Находясь под гипнозом идеалистической философии, ученый комбинирует и переставляет «примеры»; он не в состоянии возвратить факты к их собственной, внутренней логике, понять их самобытное существо; он не может взглянуть действительности в лицо и осознать ее собственные законы.

В этом положении мы застаем главного теоретика сборника Герберта Дингла. Его книга «Наука и литературная критика» (1949 хорошо известна на Западе; новая статья «Взаимоотношения литературы и науки» помещена в сборнике первой; на нее, так же как и на книгу, прямо или косвенно ссылаются другие участники сборника. Дингл говорит, что в отношениях между наукой и литературой его будет занимать конфликт. Этот конфликт возник еще в начале прошлого века, когда поэты (Ките, Эдгар По); восстали против бездушного анализа науки, разрушавшего, по их понятиям, поэзию и красоту. Ученые, со своей стороны, с большим пренебрежением глядели на «шалопаев», которые изливались в любви к радуге вместо того, чтобы понять ее как простое разложение солнечного луча. Вражда была непримиримой и объяснялась она неправильным толкованием двух слов: «иллюзия» и «истина». Ныне, говорит Дингл, благодаря усилиям современной философии это противоречие подходит к разрешению.

Каким же именно способом? Предоставим ему слово: «Раньше внешний мир принимался за нечто само собой разумеющееся, а опыт – только как средство, которое призвано раскрыть нам, что этот мир собой представляет.

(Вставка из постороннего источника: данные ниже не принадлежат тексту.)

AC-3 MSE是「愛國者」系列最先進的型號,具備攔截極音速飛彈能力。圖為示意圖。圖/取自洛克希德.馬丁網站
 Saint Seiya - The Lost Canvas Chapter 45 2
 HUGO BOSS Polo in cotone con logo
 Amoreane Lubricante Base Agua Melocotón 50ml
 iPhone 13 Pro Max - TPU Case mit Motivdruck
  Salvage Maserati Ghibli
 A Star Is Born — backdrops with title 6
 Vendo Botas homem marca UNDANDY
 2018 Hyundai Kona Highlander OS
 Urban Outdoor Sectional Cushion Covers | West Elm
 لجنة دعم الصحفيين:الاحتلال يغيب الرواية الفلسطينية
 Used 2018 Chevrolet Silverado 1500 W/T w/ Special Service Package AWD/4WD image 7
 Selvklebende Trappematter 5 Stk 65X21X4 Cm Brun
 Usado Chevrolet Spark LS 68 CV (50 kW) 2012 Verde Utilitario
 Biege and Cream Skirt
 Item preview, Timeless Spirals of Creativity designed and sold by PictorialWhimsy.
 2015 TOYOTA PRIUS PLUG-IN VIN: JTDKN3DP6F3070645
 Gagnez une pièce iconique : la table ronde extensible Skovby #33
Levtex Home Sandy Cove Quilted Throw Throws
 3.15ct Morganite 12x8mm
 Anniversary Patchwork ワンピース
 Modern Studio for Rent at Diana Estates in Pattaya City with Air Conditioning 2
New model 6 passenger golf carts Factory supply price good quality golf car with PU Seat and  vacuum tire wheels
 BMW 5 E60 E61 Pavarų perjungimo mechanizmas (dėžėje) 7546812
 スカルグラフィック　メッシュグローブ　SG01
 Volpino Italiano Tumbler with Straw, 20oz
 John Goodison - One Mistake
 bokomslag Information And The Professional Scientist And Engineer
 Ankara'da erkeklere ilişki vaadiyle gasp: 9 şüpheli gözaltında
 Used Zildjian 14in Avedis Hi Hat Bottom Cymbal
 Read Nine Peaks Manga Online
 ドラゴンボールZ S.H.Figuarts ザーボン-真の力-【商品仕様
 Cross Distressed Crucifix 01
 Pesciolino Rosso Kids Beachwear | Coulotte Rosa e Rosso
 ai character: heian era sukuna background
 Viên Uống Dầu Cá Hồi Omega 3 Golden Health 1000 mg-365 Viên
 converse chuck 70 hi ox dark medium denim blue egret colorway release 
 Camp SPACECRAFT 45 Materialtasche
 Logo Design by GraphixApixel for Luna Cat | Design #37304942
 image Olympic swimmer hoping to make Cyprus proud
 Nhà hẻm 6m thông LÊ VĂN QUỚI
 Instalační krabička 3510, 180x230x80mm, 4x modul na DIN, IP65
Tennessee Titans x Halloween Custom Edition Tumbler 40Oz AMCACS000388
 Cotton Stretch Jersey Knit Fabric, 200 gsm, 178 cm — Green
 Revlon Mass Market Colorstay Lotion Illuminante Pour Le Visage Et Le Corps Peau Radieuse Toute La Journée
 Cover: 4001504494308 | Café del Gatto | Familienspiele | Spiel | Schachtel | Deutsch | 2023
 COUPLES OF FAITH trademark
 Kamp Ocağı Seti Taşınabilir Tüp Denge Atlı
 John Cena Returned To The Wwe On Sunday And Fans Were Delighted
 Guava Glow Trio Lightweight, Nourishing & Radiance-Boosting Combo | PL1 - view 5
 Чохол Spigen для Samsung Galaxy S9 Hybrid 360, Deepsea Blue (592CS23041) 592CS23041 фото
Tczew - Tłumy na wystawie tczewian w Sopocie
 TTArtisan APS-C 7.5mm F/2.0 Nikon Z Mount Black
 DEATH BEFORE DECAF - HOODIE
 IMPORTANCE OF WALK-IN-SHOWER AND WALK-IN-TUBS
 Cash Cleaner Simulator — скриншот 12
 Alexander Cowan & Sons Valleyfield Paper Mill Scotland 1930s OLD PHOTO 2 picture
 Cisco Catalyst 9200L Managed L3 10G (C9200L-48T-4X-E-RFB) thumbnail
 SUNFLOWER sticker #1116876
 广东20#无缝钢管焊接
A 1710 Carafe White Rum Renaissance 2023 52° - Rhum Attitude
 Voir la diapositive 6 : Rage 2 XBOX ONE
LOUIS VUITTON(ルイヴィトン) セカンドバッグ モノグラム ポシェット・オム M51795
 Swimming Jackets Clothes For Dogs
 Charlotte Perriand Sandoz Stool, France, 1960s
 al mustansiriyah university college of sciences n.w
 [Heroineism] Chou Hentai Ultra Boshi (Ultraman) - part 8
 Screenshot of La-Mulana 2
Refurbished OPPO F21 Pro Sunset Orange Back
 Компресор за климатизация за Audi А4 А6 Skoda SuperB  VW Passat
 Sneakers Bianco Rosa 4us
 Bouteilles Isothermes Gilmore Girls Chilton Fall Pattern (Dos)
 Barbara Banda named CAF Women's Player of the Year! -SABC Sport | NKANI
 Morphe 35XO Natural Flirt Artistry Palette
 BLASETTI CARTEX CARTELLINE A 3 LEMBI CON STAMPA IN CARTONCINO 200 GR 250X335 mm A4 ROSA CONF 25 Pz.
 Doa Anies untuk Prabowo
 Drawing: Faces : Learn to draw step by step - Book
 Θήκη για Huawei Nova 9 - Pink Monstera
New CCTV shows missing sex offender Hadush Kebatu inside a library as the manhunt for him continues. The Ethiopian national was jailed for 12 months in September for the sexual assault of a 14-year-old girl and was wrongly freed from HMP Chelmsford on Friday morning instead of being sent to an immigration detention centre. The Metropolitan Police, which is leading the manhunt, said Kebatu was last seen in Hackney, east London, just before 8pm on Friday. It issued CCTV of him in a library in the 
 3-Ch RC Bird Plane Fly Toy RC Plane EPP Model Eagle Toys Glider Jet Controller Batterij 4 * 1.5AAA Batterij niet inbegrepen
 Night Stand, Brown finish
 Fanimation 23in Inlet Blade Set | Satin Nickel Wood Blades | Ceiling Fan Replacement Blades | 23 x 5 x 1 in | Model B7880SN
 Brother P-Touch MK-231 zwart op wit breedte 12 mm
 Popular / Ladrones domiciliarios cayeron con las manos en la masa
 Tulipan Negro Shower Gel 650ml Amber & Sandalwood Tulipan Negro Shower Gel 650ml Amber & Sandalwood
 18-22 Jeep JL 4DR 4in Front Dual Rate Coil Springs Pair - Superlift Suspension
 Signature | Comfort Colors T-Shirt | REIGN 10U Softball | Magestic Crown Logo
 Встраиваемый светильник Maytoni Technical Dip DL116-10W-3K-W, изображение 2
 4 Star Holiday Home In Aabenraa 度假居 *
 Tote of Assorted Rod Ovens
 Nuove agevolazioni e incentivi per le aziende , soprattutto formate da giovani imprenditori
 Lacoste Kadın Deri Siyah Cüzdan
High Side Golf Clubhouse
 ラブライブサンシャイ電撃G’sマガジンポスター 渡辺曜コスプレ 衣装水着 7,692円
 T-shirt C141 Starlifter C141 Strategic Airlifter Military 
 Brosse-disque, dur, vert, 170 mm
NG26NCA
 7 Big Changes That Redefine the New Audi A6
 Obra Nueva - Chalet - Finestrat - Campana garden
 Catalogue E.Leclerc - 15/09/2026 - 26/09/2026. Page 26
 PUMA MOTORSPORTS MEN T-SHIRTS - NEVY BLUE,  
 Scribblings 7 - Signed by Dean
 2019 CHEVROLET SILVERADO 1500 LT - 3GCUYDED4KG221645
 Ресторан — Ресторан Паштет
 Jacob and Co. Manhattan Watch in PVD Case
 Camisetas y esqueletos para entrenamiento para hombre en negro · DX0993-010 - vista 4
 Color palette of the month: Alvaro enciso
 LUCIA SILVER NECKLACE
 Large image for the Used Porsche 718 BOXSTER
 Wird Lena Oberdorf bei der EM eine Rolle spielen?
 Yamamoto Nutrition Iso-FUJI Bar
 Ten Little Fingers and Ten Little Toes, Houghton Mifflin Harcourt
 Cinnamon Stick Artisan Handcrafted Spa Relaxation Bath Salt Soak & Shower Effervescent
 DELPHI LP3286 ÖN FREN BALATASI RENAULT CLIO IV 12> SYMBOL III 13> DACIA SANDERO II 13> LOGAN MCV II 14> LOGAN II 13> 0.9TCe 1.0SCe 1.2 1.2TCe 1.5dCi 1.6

С этой же целью в прошлом применялись и другие средства – чистый разум, например, откровения медиумов или оракулы. (Любопытно сопоставление разума и оракулов; все, мол, равноправные «средства». – П. П.). Наука утверждала, что опыт есть единственно заслуживающее доверия средство, и находила оправдание этому утверждению в своей способности предсказывать будущее. Когда что-нибудь предсказывал колдун, он, как правило, ошибался. Когда предсказывала наука, она, как правило, была права. Опыт стал поэтому надежным средством раскрытия истины о мире».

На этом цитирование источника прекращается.